You probably pointed Tomcat to the right .keystore file in the configuration, however it talks to the JVM, so https is working. But when Tomcat goes and looks in the JVM's certificate store during the application to server handshake, it can't find it, so you are getting errors.
You did this:
C:\Program Files\Java\jre1.5.0_06\bin>keytool -import -file server.crt
I think you should be doing this:
C:\Program Files\Java\jre1.6.0_03\bin>keytool -import -file server.crt
And that should fix it.
Cheers,
- Ole
Edward Chen wrote:
> Here is
>
>
> C:\>echo %Java_home%
> C:\Program Files\Java\jre1.6.0_03
>
> C:\>echo %CATALINA_HOME%
> C:\Program Files\Apache Software Foundation\Tomcat 5.5
>
> C:\>
>
>
> Scott Battaglia wrote:
>> Is that your JAVA_HOME?
>>
>> If you type "set" at a command prompt, what does it say your JAVA_HOME is?
>>
>> On Feb 11, 2008 5:16 PM, Edward Chen <edwardc at wolfram.com
>> <mailto:edwardc at wolfram.com>> wrote:
>>
>> Hi, I got it with the following
>>
>> C:\Program Files\Java\jre1.5.0_06\bin>keytool -import -file server.crt
>> -keypass
>> changeit -keystore ..\lib\security\cacerts
>> Enter keystore password: changeit
>> Owner: CN=edwardscwin.wri.wolfram.com
>> <http://edwardscwin.wri.wolfram.com>, OU=R&D, O=WRI, L=Champaign,
>> ST=IL, C=US
>> Issuer: CN=edwardscwin.wri.wolfram.com
>> <http://edwardscwin.wri.wolfram.com>, OU=R&D, O=WRI, L=Champaign,
>> ST=IL, C=US
>> Serial number: 47b0b802
>> Valid from: Mon Feb 11 15:02:58 CST 2008 until: Sun May 11
>> 16:02:58 CDT 2008
>> Certificate fingerprints:
>> MD5: 45:25:94:AB:52:2B:F2:92:68:8F:F0:39:19:80:59:82
>> SHA1:
>> 08:88:37:A1:1C:52:A5:33:0F:51:68:34:81:F9:DF:83:05:41:65:B6
>> Trust this certificate? [no]: yes
>> Certificate was added to keystore
>>
>> C:\Program Files\Java\jre1.5.0_06\bin>
>>
>> But, I still have the same error message when I input "uday"
>> "uday" and
>> cannot redirect to "Hello World"
>>
>> Please continue to help
>>
>>
>> Scott Battaglia wrote:
>> > You need add the certificate to your keystore (which is where it
>> > failed).
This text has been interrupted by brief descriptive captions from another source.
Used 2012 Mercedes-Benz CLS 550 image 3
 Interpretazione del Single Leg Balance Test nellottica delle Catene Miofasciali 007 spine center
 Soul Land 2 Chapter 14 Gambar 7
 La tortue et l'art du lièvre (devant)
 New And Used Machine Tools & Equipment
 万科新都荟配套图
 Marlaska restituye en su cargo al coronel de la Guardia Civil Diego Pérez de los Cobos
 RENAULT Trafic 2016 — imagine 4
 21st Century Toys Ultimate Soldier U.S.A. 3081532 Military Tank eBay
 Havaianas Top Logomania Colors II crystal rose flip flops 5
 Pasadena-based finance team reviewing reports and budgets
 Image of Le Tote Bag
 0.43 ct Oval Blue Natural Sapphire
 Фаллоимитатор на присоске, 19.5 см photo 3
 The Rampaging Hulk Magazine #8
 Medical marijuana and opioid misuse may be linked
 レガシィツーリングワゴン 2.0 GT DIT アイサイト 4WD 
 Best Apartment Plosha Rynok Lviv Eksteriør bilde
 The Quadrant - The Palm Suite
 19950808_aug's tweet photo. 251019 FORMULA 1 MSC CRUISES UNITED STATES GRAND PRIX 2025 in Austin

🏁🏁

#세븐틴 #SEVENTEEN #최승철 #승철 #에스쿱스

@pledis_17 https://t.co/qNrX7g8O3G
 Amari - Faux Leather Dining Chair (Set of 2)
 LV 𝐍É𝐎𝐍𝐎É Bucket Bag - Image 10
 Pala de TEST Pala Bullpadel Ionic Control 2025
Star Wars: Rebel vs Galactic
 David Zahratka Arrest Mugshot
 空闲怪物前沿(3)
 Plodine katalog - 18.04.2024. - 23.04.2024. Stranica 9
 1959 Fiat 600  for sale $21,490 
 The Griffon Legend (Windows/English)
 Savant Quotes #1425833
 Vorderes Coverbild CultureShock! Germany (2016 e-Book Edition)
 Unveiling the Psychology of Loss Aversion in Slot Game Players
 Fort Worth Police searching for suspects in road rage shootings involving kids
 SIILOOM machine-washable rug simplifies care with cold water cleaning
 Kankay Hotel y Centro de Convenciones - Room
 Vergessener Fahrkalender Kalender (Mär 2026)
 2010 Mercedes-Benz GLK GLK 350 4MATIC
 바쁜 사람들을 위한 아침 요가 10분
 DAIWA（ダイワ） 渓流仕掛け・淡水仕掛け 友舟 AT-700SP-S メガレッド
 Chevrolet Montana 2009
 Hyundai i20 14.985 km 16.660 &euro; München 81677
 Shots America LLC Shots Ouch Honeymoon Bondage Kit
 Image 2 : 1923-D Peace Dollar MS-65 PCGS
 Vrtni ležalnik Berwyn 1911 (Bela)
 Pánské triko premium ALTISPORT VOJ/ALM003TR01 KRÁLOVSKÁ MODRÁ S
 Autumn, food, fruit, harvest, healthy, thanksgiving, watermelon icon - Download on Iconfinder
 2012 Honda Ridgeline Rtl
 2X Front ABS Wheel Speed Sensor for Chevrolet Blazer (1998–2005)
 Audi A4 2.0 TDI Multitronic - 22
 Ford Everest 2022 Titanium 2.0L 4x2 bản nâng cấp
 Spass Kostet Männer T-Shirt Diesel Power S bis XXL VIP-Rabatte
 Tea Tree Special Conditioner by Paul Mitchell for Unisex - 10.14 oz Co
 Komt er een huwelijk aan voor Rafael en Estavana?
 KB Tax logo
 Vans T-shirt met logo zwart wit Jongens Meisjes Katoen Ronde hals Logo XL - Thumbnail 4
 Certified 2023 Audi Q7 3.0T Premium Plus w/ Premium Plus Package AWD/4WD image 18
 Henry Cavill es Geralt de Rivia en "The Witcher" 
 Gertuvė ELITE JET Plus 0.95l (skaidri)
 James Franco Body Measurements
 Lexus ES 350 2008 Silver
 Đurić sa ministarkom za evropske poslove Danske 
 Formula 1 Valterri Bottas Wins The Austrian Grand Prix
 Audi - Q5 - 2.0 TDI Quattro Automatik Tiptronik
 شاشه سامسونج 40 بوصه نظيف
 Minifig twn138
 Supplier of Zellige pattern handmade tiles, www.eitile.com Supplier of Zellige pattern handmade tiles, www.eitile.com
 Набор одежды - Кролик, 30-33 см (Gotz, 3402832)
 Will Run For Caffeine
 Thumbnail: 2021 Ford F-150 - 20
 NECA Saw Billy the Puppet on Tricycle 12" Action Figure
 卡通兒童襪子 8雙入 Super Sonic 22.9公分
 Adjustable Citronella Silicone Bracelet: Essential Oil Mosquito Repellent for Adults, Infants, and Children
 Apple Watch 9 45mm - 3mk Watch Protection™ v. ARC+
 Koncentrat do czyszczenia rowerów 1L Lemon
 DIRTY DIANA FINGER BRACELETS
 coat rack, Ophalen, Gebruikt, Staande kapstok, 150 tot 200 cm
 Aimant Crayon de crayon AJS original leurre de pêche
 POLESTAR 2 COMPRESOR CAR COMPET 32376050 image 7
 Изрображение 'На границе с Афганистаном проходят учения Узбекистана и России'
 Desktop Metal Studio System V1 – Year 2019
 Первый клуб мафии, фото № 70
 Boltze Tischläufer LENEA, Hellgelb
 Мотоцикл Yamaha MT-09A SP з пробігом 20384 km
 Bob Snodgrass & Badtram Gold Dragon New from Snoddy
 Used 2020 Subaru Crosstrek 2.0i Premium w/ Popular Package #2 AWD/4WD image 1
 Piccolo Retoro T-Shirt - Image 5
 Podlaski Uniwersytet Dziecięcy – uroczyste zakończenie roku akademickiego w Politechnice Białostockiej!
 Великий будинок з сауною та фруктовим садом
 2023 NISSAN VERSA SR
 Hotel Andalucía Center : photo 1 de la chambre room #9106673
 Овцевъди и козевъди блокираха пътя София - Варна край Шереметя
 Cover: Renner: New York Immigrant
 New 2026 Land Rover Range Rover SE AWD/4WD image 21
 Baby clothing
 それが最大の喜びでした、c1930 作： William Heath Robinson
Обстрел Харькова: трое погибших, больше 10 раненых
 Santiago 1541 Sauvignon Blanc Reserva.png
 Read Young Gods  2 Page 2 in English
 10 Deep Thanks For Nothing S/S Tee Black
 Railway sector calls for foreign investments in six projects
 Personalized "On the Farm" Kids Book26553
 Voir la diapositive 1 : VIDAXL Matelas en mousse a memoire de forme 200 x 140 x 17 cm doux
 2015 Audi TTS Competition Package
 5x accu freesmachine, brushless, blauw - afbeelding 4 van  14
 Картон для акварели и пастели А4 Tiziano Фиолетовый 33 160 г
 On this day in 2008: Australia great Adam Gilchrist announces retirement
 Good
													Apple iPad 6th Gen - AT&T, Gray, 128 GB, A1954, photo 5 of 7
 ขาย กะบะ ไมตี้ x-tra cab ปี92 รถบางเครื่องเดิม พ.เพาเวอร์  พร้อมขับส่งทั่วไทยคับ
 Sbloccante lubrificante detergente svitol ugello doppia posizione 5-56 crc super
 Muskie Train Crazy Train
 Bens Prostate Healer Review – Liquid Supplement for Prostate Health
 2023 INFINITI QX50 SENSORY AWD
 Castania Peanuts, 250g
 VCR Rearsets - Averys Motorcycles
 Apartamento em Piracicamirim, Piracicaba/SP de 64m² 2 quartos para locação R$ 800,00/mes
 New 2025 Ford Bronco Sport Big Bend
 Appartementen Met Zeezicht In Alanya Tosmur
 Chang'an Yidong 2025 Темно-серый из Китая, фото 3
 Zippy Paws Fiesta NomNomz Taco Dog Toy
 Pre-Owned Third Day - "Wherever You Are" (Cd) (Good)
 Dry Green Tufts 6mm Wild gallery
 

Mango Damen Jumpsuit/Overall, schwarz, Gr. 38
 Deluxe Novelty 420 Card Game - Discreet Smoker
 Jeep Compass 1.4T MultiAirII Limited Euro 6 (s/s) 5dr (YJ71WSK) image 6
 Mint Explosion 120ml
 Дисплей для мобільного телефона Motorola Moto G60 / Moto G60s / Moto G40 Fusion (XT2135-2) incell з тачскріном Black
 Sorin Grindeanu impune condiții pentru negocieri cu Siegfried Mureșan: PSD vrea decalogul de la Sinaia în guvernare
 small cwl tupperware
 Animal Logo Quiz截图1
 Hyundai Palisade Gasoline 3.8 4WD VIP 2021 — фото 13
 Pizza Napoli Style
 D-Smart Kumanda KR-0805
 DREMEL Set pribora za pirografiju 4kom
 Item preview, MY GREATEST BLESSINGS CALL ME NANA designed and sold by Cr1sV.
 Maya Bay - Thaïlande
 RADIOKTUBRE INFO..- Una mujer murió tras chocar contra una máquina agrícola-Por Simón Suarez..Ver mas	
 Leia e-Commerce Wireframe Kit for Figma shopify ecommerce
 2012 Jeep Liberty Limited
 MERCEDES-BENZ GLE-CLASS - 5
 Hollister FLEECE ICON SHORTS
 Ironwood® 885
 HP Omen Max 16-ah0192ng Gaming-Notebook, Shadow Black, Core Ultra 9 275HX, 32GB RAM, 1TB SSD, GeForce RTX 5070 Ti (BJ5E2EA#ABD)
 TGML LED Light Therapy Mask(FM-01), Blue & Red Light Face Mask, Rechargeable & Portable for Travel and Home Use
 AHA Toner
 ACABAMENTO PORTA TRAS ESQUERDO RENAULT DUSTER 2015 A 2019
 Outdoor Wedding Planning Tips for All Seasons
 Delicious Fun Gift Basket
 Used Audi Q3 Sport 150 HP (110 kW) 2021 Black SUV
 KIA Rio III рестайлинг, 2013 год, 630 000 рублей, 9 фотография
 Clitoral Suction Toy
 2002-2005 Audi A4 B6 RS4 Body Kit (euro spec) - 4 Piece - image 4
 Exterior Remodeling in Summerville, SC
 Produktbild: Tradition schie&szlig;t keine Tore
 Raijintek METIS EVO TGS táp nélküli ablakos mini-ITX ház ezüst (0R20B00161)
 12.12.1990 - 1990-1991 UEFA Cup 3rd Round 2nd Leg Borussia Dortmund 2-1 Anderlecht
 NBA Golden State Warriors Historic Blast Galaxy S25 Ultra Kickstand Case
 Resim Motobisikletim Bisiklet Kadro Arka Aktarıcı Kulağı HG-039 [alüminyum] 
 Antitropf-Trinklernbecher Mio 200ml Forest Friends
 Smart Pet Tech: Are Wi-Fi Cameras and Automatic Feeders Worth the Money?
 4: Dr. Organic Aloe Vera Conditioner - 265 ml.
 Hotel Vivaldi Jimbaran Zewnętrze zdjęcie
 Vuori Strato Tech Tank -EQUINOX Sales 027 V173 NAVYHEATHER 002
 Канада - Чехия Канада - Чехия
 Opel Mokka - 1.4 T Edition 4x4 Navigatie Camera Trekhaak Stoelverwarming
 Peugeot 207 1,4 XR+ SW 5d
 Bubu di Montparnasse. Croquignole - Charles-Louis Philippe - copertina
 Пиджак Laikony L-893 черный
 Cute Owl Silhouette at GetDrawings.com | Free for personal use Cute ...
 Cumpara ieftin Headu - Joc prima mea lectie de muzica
Find the JVM that you use to start up Tomcat and
>> follow the
>> > keystore instructions. The path should be something like
>> > %JAVA_HOME%\jre\lib\security\cacerts
>> >
>> > -Scott
>> >
>> > On Feb 11, 2008 4:34 PM, Edward Chen <edwardc at wolfram.com
>> <mailto:edwardc at wolfram.com>
>> > <mailto:edwardc at wolfram.com <mailto:edwardc at wolfram.com>>> wrote:
>> >
>> > Hi,
>> >
>> > I am using XP and tomcat 5.5 to do the CAS
>> >
>> > Please help me trouble shoot/fix this. It's urgent.
>> >
>> > I follow the demo to install CAS demo from the following website
>> >
>> > http://www.ja-sig.org/wiki/display/CASUM/Demo
>> >
>> >
>> > Step 1: Install JDK Version
>> >
>> > I am Ok with step 1
>> >
>> >
>> > Step 2: Used keytool to self-author a server certificate
>> for DEMO
>> >
>> >
>> > I have the follwoing error
>> >
>> > .......
>> > .......
>> > C:\Program Files\Java\jre1.5.0_06\bin>keytool -export -alias
>> tomcat
>> > -keypass cha
>> > ngeit -file server.crt
>> > Enter keystore password: changeit
>> > Certificate stored in file <server.crt>
>> >
>> > C:\Program Files\Java\jre1.5.0_06\bin>keytool -import -file
>> server.crt
>> > -keypass
>> > changeit -keystore ..\jre\lib\security\cacerts
>> > Enter keystore password: changeit
>> > Owner: CN=edwardscwin.wri.wolfram.com
>> <http://edwardscwin.wri.wolfram.com>
>> > <http://edwardscwin.wri.wolfram.com>, OU=R&D, O=WRI,
>> L=Champaign,
>> > ST=IL, C=US
>> > Issuer: CN=edwardscwin.wri.wolfram.com
>> <http://edwardscwin.wri.wolfram.com>
>> > <http://edwardscwin.wri.wolfram.com>, OU=R&D, O=WRI,
>> L=Champaign,
>> > ST=IL, C=US
>> > Serial number: 47b0b802
>> > Valid from: Mon Feb 11 15:02:58 CST 2008 until: Sun May 11
>> > 16:02:58 CDT
>> > 2008
>> > Certificate fingerprints:
>> > MD5: 45:25:94:AB:52:2B:F2:92:68:8F:F0:39:19:80:59:82
>> > SHA1:
>> > 08:88:37:A1:1C:52:A5:33:0F:51:68:34:81:F9:DF:83:05:41:65:B6
>> > Trust this certificate? [no]: yes
>> > Certificate was added to keystore
>> > keytool error: java.io.FileNotFoundException:
>> > ..\jre\lib\security\cacerts (The s
>> > ystem cannot find the path specified)
>> >
>> > C:\Program Files\Java\jre1.5.0_06\bin>
>> >
>> >
>> > Step 3: Install Tomcat
>> >
>> > I am ok with step 3
>> >
>> >
>> > Step 4: Configure Tomcat server.xml
>> >
>> > I modify it with the following
>> >
>> > <!-- Define a SSL HTTP/1.1 Connector on port 8443 -->
>> > <Connector port="8443" maxHttpHeaderSize="8192"
>> > maxThreads="150" minSpareThreads="25" maxSpareThreads="75"
>> > enableLookups="false" disableUploadTimeout="true"
>> > acceptCount="100" scheme="https" secure="true"
>> > clientAuth="false" sslProtocol="TLS"
>> > keystoreFile="C:/Documents and Settings/edwardc.WRI/.keystore"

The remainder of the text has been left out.